Yom Kippur

Ask My Friend Forgiveness? I’m Terrified!

Everyone knows we must ask forgiveness from our friends before Yom Kippur and all our prayers to G-d don’t help fix the wrongdoings to our fellow man. But how do we do it? How do we get the courage to ask forgiveness? I messed up with my friends, husband or wife so much how can I even ask?

It’s true that asking forgiveness is really not pleasant but when you do ask, it shows the other party you wronged that you admit you made a mistake and you show him you’re not proud of your actions and regret them. So though it’s difficult you’ll always feel cleansed after asking forgiveness. You demonstrate that you didn’t wantonly cause harm on purpose but rather you weren’t properly thinking it out or paying attention when you wronged your friend or spouse.

Living with a spouse that is incapable of saying sorry is difficult. The conclusion someone draws from such refusal is ‘He/ She wants to hurt me and doesn’t care’. So as soon as you say you’re sorry you clarify that you actually love them and had no intention of hurting them and that you did it by mistake. When you apologize you take a great load off of both of you.

Asking forgiveness from a 10 year old boy whose foot you stepped on is real easy. But asking forgiveness from the same child for speaking meanly about him either behind his back or to his face is much harder. Some ‘sorrys’ are easy and spontaneous and some cause you to approach with trepidation.

There are those who can’t get the word ‘sorry’ out of their mouth, but on the other hand they do a lot of good deeds. If such a person needs your forgiveness, accept it even if it’s only through deeds and not through his words.

Saying sorry can repair broken relationships. Where 2 people kept a distance from each other because of what happened, saying sorry can help them stop distancing each other until they get back to where they were before.

When someone asks me for forgiveness I should be open to accept it. If I close my doors on my friend he may never come back and ask for forgiveness and I may lose a friend. How can I refuse him? He went the distance overcoming his internal opposition and discomfort and came to ask forgiveness. Let’s remember we could be in his shoes and then how will we be so brazen to ask forgiveness if we don’t give it ourselves?

My father that passed away 2 years ago used to always ask us to forgive each other.
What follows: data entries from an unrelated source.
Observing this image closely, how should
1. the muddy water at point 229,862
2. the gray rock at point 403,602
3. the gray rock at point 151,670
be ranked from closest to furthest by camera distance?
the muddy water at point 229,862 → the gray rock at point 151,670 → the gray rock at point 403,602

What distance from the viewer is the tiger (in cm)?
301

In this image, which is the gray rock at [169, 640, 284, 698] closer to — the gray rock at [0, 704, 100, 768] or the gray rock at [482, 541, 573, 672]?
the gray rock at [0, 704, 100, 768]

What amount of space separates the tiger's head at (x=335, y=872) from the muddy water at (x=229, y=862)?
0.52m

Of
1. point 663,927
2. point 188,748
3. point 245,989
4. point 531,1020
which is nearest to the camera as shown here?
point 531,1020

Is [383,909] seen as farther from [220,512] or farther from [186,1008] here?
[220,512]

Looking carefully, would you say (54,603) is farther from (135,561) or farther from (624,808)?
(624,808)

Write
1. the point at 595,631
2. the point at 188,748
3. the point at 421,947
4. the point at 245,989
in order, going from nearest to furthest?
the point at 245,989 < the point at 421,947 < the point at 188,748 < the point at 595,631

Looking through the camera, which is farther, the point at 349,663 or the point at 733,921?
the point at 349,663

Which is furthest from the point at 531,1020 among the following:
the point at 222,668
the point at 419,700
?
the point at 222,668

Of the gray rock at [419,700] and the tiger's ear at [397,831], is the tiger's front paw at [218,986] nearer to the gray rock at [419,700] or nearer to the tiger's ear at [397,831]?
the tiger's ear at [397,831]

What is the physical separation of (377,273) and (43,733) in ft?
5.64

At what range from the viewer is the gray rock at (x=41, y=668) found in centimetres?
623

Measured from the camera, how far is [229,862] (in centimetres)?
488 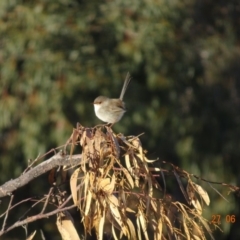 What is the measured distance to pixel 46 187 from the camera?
762cm

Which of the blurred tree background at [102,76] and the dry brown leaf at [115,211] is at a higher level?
the dry brown leaf at [115,211]

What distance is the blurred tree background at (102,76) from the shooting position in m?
7.02

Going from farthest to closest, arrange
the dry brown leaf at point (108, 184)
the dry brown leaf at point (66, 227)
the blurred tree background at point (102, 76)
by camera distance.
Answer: the blurred tree background at point (102, 76), the dry brown leaf at point (66, 227), the dry brown leaf at point (108, 184)

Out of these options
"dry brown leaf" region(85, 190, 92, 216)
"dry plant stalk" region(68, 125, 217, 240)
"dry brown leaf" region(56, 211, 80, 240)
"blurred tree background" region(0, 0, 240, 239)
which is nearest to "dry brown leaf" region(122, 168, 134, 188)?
"dry plant stalk" region(68, 125, 217, 240)

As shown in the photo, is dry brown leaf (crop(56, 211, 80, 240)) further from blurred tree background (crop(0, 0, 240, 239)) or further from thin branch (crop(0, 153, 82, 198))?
blurred tree background (crop(0, 0, 240, 239))

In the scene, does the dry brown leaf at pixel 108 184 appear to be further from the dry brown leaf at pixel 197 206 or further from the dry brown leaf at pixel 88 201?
the dry brown leaf at pixel 197 206

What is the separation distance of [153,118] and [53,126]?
1.06 m

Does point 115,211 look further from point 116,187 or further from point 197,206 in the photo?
point 197,206

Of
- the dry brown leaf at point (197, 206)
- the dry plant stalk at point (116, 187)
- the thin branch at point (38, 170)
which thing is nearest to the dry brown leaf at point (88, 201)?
the dry plant stalk at point (116, 187)

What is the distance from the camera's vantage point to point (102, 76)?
23.3 feet

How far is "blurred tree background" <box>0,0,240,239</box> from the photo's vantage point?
7.02 metres

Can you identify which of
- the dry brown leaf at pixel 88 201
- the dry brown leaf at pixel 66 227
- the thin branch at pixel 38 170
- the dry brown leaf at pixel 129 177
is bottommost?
the dry brown leaf at pixel 66 227

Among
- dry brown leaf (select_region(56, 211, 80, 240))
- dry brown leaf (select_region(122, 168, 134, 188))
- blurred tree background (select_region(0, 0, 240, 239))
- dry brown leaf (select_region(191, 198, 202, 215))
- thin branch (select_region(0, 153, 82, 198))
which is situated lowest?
blurred tree background (select_region(0, 0, 240, 239))

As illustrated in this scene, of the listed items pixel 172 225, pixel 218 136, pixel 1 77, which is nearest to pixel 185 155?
pixel 218 136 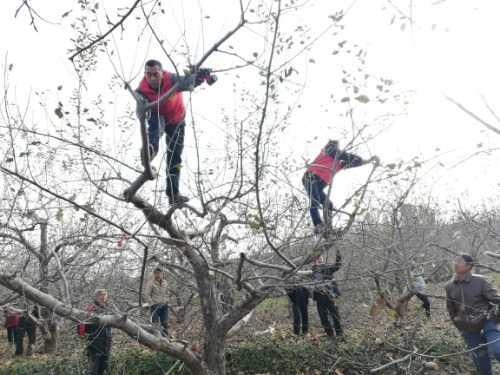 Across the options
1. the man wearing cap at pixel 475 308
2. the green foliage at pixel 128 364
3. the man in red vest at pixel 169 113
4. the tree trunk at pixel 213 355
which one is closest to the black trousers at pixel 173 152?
the man in red vest at pixel 169 113

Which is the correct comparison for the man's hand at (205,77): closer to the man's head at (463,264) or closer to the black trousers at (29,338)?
the man's head at (463,264)

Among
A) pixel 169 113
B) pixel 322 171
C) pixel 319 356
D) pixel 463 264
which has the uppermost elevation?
pixel 169 113

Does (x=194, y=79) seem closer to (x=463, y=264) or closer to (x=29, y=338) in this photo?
(x=463, y=264)

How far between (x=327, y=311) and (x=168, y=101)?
461cm

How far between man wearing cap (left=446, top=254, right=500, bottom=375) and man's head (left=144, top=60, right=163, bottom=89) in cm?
347

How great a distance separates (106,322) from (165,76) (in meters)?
1.97

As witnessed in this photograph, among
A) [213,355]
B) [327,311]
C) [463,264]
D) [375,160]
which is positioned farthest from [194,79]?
[327,311]

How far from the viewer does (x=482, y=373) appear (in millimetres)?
5043

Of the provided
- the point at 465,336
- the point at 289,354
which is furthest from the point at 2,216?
the point at 465,336

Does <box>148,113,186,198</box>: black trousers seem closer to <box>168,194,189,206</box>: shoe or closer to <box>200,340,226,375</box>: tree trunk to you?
<box>168,194,189,206</box>: shoe

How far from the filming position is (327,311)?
7211 mm

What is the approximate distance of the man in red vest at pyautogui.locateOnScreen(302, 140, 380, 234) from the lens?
4.63m

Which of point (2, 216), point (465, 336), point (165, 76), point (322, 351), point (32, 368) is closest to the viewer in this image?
point (165, 76)

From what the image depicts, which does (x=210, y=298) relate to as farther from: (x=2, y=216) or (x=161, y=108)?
(x=2, y=216) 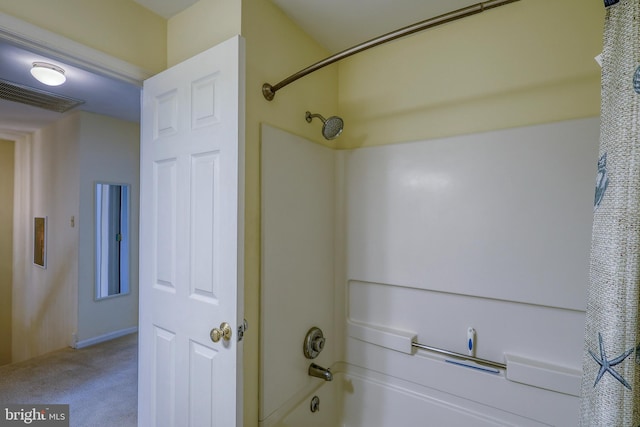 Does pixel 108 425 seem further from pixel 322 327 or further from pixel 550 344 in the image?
pixel 550 344

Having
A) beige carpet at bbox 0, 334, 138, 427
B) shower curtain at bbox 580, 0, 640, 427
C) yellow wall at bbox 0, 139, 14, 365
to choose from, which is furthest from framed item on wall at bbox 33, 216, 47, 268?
shower curtain at bbox 580, 0, 640, 427

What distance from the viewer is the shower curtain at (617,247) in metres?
0.66

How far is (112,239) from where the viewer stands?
3361 mm

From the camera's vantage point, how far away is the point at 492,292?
1.40m

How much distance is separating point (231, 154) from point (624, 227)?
120 centimetres

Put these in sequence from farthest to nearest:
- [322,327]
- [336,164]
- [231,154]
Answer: [336,164]
[322,327]
[231,154]

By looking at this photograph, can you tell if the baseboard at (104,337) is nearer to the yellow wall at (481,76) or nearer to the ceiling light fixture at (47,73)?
the ceiling light fixture at (47,73)

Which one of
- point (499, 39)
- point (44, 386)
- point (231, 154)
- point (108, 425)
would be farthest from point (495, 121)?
point (44, 386)

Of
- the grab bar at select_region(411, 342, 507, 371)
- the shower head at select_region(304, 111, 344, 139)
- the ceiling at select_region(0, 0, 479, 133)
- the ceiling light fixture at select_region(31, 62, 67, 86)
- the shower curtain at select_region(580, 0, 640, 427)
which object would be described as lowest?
the grab bar at select_region(411, 342, 507, 371)

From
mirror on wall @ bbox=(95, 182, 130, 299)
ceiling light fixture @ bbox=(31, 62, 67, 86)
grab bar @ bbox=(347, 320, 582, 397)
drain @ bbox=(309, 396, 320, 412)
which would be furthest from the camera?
mirror on wall @ bbox=(95, 182, 130, 299)

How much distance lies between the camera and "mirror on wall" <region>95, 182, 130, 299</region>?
10.7 ft

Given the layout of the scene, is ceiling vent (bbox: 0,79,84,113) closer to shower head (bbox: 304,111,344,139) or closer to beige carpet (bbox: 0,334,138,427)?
beige carpet (bbox: 0,334,138,427)

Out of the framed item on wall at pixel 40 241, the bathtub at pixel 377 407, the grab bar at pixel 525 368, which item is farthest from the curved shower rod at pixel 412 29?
the framed item on wall at pixel 40 241

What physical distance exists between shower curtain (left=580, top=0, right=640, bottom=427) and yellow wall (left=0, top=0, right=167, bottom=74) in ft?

Invariably one child would say: “But Abba, I didn’t do anything wrong to him?” And my father would answer: “It’s sufficient that he even thought you did something wrong to him that you should ask his forgiveness. Now think that maybe you actually did do something to him just you forgot. So just go ask forgiveness…”

It’s really difficult to say ‘I’m sorry’ but when we do, we can come to the synagogue on Yom Kippur feeling purified in all our limbs. We succeeded and we overcame the obstacles in our way and we did what we were supposed to do; now we are clean and pure.